Eligible participants were English speaking males or females greater than 55 years of age with a history of at least one of the following: coronary artery disease, myocardial infarction (MI), stroke, transient ischemic attack (TIA), atrial fibrillation, systolic heart failure or the following coronary artery disease (CAD) risk equivalents - peripheral vascular disease/claudication, carotid artery disease or diabetes mellitus with co-existing uncontrolled hypertension and/or hyperlipidemia.

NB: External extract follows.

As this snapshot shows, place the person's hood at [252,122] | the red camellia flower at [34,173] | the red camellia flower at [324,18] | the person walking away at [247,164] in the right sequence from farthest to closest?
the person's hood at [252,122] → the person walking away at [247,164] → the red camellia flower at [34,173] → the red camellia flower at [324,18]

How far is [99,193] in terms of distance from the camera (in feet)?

A total of 402 subjects were enrolled.
MEDFOCUS was a 5-year, prospective, cluster-randomized multi-center clinical trial in 20 medical offices from 11 states in the US. Clinics were stratified on the percentage of racial minorities (high >40%, low <40%) and then randomized to the CVRS intervention or control group. A study coordinator (SC) in each office enrolled approximately 20 subjects who met inclusion criteria. Subjects were followed prospectively for 12 months. In addition, chart-audited data was collected on all subjects at 24 months to determine the effect of the intervention once it was discontinued.

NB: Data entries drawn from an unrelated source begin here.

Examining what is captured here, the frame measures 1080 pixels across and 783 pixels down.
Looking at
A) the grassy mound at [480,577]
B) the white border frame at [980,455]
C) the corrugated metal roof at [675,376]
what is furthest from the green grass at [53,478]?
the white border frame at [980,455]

The SC administered questionnaires on barriers to medication adherence at baseline. The SC also administered readiness to change health behaviors surveys at baseline and 12 months in both control and intervention subjects. The results of this survey for the intervention group subjects were made available to the CVRS pharmacist at baseline to allow for tailoring their interactions to best motivate patient behavior change. The CVRS pharmacists provided frequent education, alerts, and reminders to the patients in the intervention group. The CVRS pharmacists did not make independent care decisions but made recommendations for implementation to the onsite clinical pharmacists. Subjects in the control group received usual care. Guidelines were adapted from the Guideline Advantage criteria and adherence was measured as a percentage of applicable criteria met for each subject.
The primary outcome was the difference in guideline adherence between the control and intervention groups.